Optical microscopy (OM) was among the first techniques applied to study geological materials [1] and is commonly used for rock sample observations. The progress made in sample preparation and the advances reached in the optic field, combined with the invention of the Nicol prism in 1828 and the improved understanding of the polarized light potential [2,3,4,5,6,7,8,9,10], resulted in the widespread use of advanced microscopes (polarized light microscopes), making use of thin slices of rocks (up to 30 μm thick), allowing accurate discrimination of rocks and minerals under Transmitted Light Microscopy (TLM). Growth of this technique resulted in the development of modern petrography devoted to the observation of opaque and non-opaque minerals with the application of increasingly refined techniques and methods for the analysis of morphological and textural features of the rocks, up to modern techniques for modal analysis and advanced techniques for calculating the grain size distribution (GSD) [2,3,4,5,6,7,8,9].

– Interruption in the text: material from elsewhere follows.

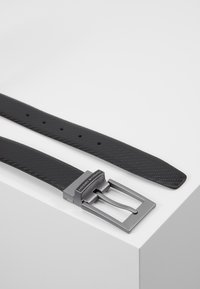 Ceinture synthétique noire avec une finition texturée, dotée d'une boucle en métal gris mat et de plusieurs trous d'ajustement le long de la sangle.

Together with TLM, Reflected Light Microscopy (RLM) on opaque minerals was applied in the second half of the nineteenth century for metal and meteorite studies [10,11,12,13]. Until a few years ago, RLM was the primary technique used to observe and study ore minerals [14,15,16,17,18,19,20], but in the last 20 years, it has been integrated and/or replaced by modern and expensive automated mineralogy (AM) systems, used for both opaque and non-opaque minerals, that take advantage of the analytical potential of the Scanning Electron Microscopy (SEM) combined with Energy Dispersive X-ray Spectroscopy (EDX) [21,22,23,24,25,26,27]. AM Systems, such as QEMSCAN®, MLA, Mineralogic, and TIMA-X [2,28,29,30], allow obtaining very high-resolution micro-photos and use automated image analysis (IA) tools to quantify the mineral phases and obtain statistical information on grain and particle sizes, morphology, texture, liberation degree, etc., by rastering electron beams and X-rays on specimen surfaces [31,32,33]. Accurate mineralogic information is crucial to the mining industry, as it serves to optimize hydro- and pyro-metallurgic processing [34]. Additionally, in recent years, Laser-Induced Breakdown Spectroscopy (LIBS) has had a very rapid development in the field of applied mineralogy [35]. LIBS is a highly accurate atomic spectroscopy technique based on the use of a high-power laser which focuses on a small spot of the sample to generate ionization of a micro-volume of material. The plasma light is thus generated through a spectrometer. The proposed approaches for the use of LIBS in the field of mineralogy can be divided into two main categories: low speed, automatic on a low-speed laser (Hz < 20) [36,37,38,39,40], and high speed, with laser with speeds up to kHz [41,42,43].
Although AM systems are valuable methods in mineral deposit studies, their accuracy and amount of information that can be acquired on a single sample and their use are often limited to a selected number of samples because of their prohibitive costs.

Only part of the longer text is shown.